All of this was brought back to me by a recent reference to an underappreciated Russian novel: Vasily Grossman’s “Stalingrad,” which was written in the aftermath of the war and which is now available in a new (2019) translation. I’m only partly through the massive (900+ pages) book, but so far, it lives up to its billing. Much of the critical respect for the book draws on a pair of parallels: Napoleon’s 1812 expedition: Hitler’s 1941-43 invasion; and Tolstoy’s “War and Peace” and Grossman’s works. Tolstoy’s epic chronicles the impact of Napoleon’s invasion on a set of Russian families and Grossman (fully aware of the precedent) does the same for his 20C story. While Grossman’s book is large, it is only the first half of a saga (continued in “Life and Fate”) which, together outweighs “War and Peace.”

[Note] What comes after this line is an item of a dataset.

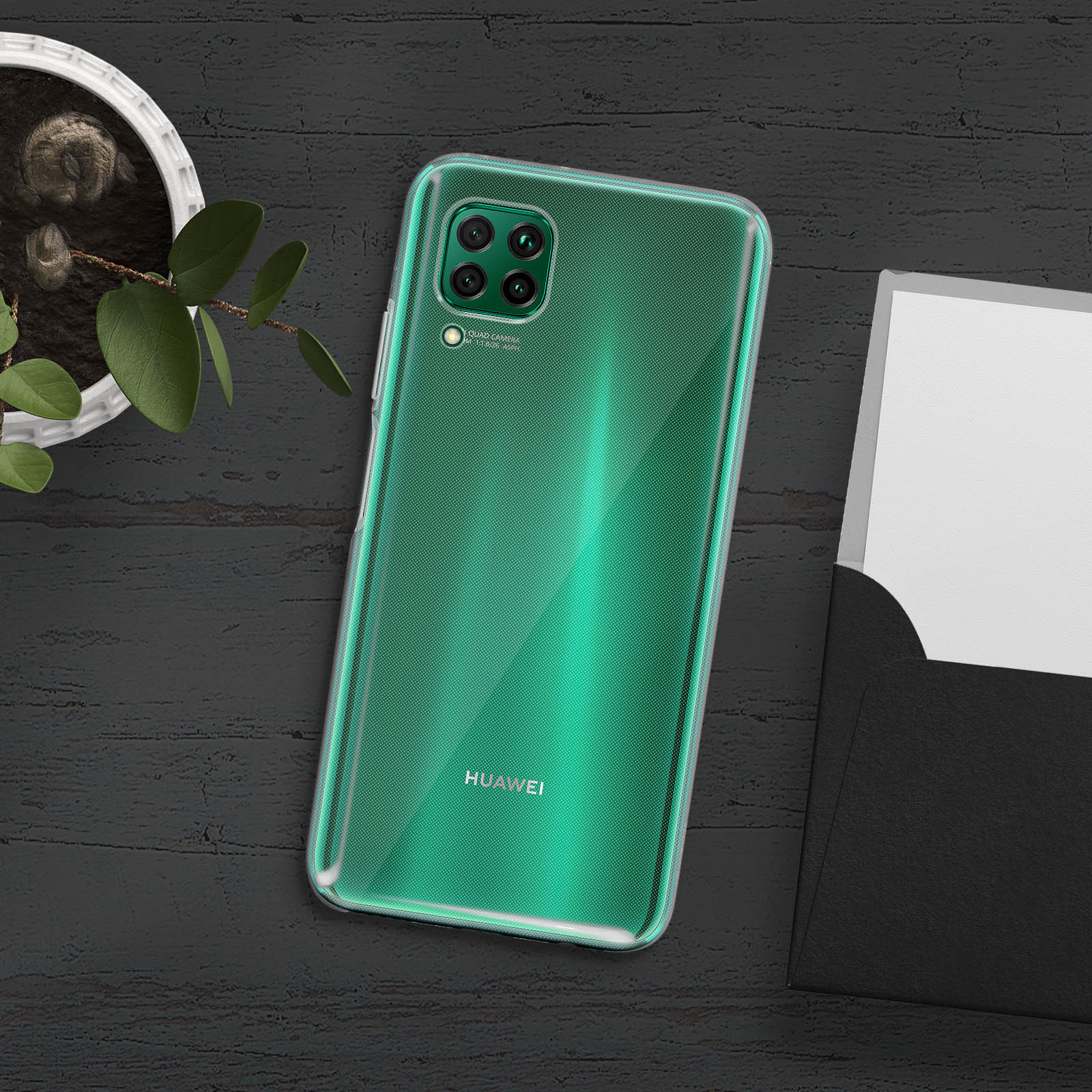 Zielony telefon w przezroczystym etui na czarnym stole z rośliną i papierem. Widoczne logo Huawei.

Both bring a sharply observed sense of the individuals involved (the fictional equivalent of the anthropological “thick description” that gives the reader access to psychological and sociological understandings of the subjects). Both combine a fictional history (although Grossman was writing current events and Tolstoy was writing from fifty+ years distance) with philosophical reflections on the nature of war, family, and history. Both are self-sufficient as door-stops.
Big books aren’t everyone’s taste. I rather appreciate the opportunity for deep immersion and have a decent set of this distinctive genre, both in fiction and in history. Perhaps it is a certain fatalism and the long, dark winters that make the Russians particularly prone to write them (see, e.g., Solzhenitsyn’s Gulag Archipelago).
Such a novel brings an important perspective to the usual historical treatment of a major geopolitical event such as the Battle of Stalingrad. We have to bear both the macro and the micro in mind. The travails of the people in Grossman’s story tie down the gloss of the summary “the Germans invaded, got beaten, and pushed back” historical take. Such great events are, after all, entirely comprised of dozens or thousands of such individual experiences. The death and destruction of war makes it hard for historians to capture this level of detail (sources are sparse) and it often falls, therefore, to novelists to fill the gap. Tolstoy did it with a stunning scope of imagination. Grossman, present in the specific time and place, brings more of a reportorial eye. We can learn much from both.
I don’t know when I will teach 20C European history again; but I’m sure my handling of this aspect of the war will be different as a result of Grossman’s deep dive.